[Work request] Repeat the data below exactly. Include each line.

[Recorded data]
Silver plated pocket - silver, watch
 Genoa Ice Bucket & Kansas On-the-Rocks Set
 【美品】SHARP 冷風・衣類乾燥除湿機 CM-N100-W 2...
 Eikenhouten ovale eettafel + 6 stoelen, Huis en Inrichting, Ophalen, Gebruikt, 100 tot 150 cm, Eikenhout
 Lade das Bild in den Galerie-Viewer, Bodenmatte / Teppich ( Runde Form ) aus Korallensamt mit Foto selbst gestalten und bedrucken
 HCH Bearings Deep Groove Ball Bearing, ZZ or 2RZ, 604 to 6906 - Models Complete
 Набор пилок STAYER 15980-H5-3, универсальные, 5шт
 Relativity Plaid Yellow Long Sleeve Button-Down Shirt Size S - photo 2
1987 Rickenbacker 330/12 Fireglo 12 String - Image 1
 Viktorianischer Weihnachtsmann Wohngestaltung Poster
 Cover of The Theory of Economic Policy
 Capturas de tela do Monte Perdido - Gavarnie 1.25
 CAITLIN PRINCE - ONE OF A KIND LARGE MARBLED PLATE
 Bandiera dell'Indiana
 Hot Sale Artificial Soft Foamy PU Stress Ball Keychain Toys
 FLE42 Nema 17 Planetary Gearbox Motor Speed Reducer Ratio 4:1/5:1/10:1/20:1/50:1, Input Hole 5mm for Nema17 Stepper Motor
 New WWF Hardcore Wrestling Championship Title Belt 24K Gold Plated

[Your solution]
Silver plated pocket - silver, watch
 Genoa Ice Bucket & Kansas On-the-Rocks Set
 【美品】SHARP 冷風・衣類乾燥除湿機 CM-N100-W 2...
 Eikenhouten ovale eettafel + 6 stoelen, Huis en Inrichting, Ophalen, Gebruikt, 100 tot 150 cm, Eikenhout
 Lade das Bild in den Galerie-Viewer, Bodenmatte / Teppich ( Runde Form ) aus Korallensamt mit Foto selbst gestalten und bedrucken
 HCH Bearings Deep Groove Ball Bearing, ZZ or 2RZ, 604 to 6906 - Models Complete
 Набор пилок STAYER 15980-H5-3, универсальные, 5шт
 Relativity Plaid Yellow Long Sleeve Button-Down Shirt Size S - photo 2
1987 Rickenbacker 330/12 Fireglo 12 String - Image 1
 Viktorianischer Weihnachtsmann Wohngestaltung Poster
 Cover of The Theory of Economic Policy
 Capturas de tela do Monte Perdido - Gavarnie 1.25
 CAITLIN PRINCE - ONE OF A KIND LARGE MARBLED PLATE
 Bandiera dell'Indiana
 Hot Sale Artificial Soft Foamy PU Stress Ball Keychain Toys
 FLE42 Nema 17 Planetary Gearbox Motor Speed Reducer Ratio 4:1/5:1/10:1/20:1/50:1, Input Hole 5mm for Nema17 Stepper Motor
 New WWF Hardcore Wrestling Championship Title Belt 24K Gold Plated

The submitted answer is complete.